*About this task:* Repeat all of the records exactly, leaving out the pictures.

Records provided below:

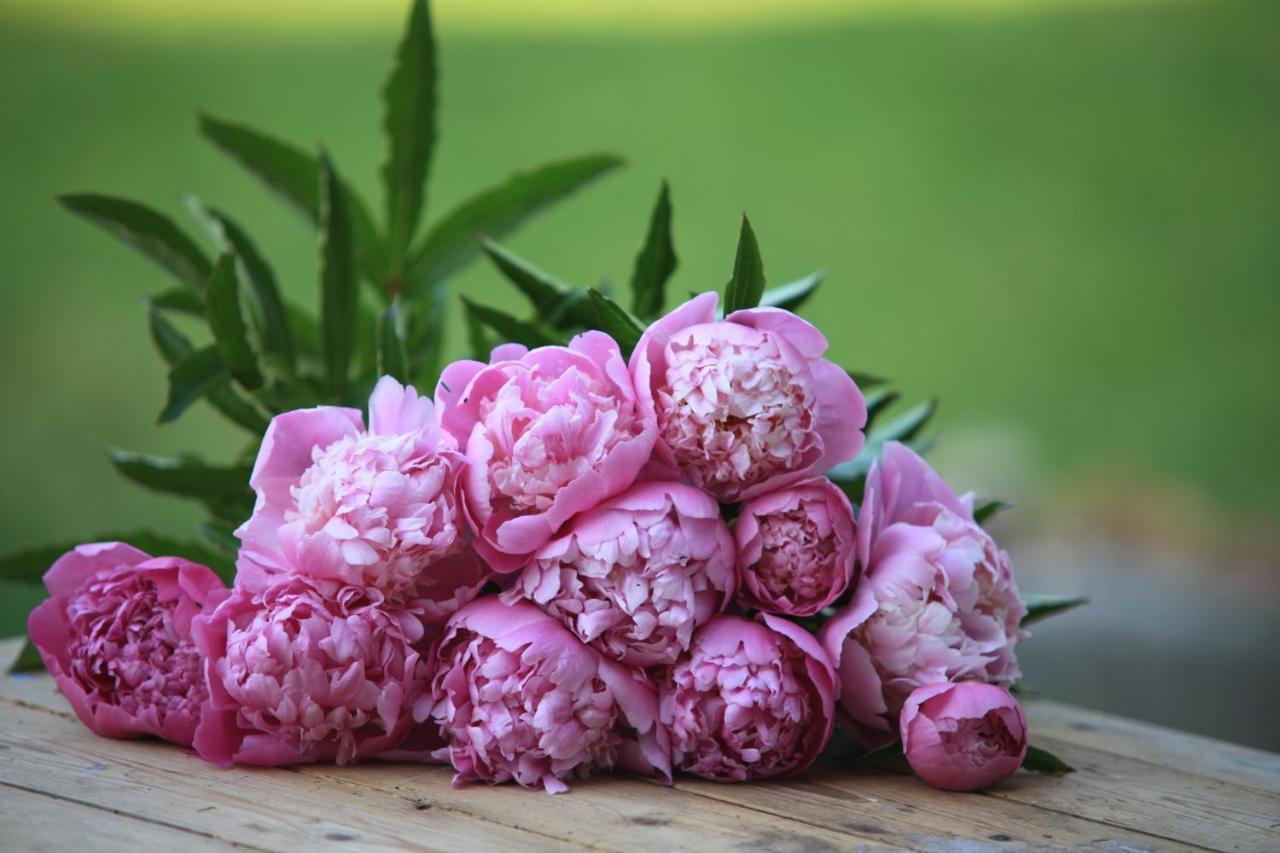 Fleurs De Brenne Gite Neuillé-le-Lierre Zewnętrze zdjęcie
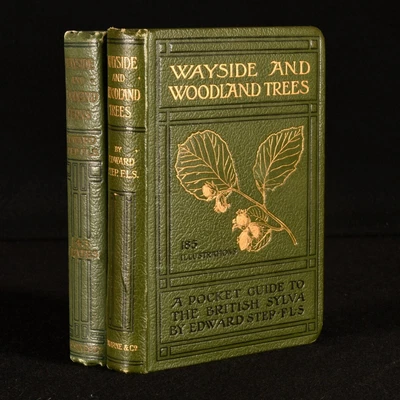 £104 • Buy 1908 2vol Wayside And Woodland Ferns And Trees Edward Step Illustrated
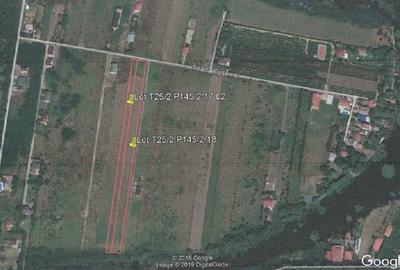 Teren Construcții intravilan de 10000 mp, în Snagov - 5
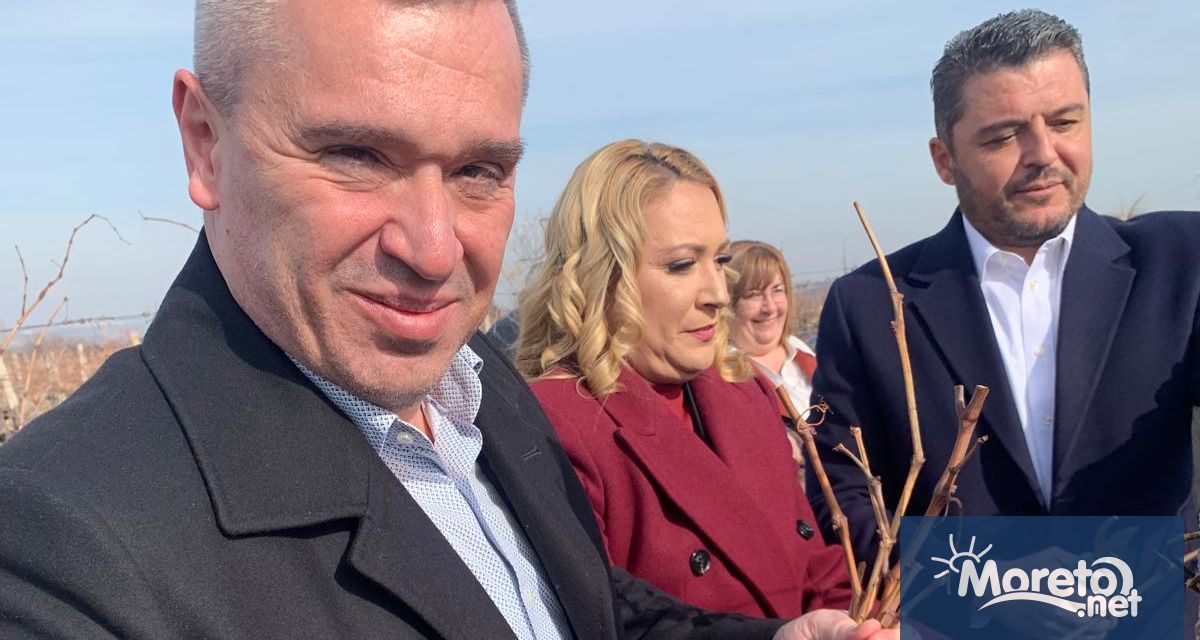 Лозаро винарският сектор се подпомага с близо 26 млн евро годишно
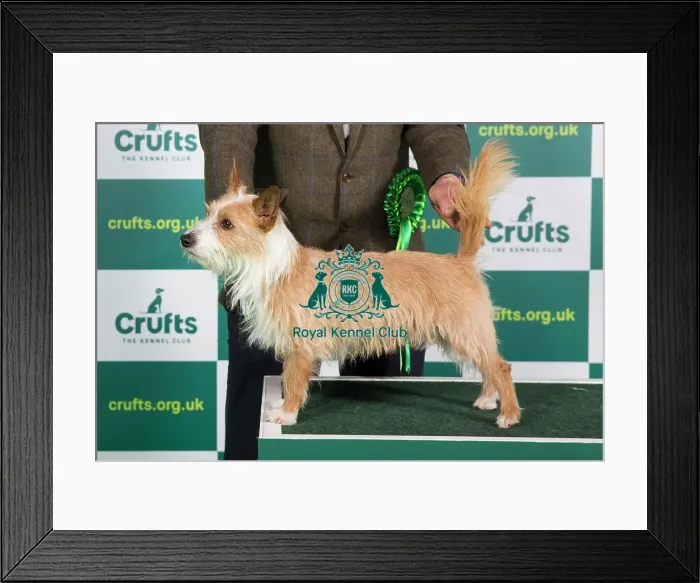 Framed Print : Best of Breed PORTUGUESE PODENGO (WARREN HOUND) Crufts 2023 Framed Print : Best of Breed PORTUGUESE PODENGO (WARREN HOUND) Crufts 2023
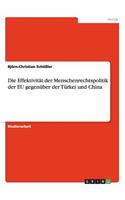 Effektivität der Menschenrechtspolitik der EU gegenüber der Türkei und China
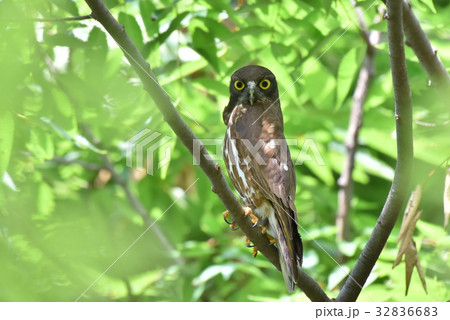 【野鳥】枝に留まるアオバズク 32836683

End of Records provided.

*Task result:*
 Fleurs De Brenne Gite Neuillé-le-Lierre Zewnętrze zdjęcie
 £104 • Buy 1908 2vol Wayside And Woodland Ferns And Trees Edward Step Illustrated
 Teren Construcții intravilan de 10000 mp, în Snagov - 5
 Лозаро винарският сектор се подпомага с близо 26 млн евро годишно
 Framed Print : Best of Breed PORTUGUESE PODENGO (WARREN HOUND) Crufts 2023 Framed Print : Best of Breed PORTUGUESE PODENGO (WARREN HOUND) Crufts 2023
 Effektivität der Menschenrechtspolitik der EU gegenüber der Türkei und China
 【野鳥】枝に留まるアオバズク 32836683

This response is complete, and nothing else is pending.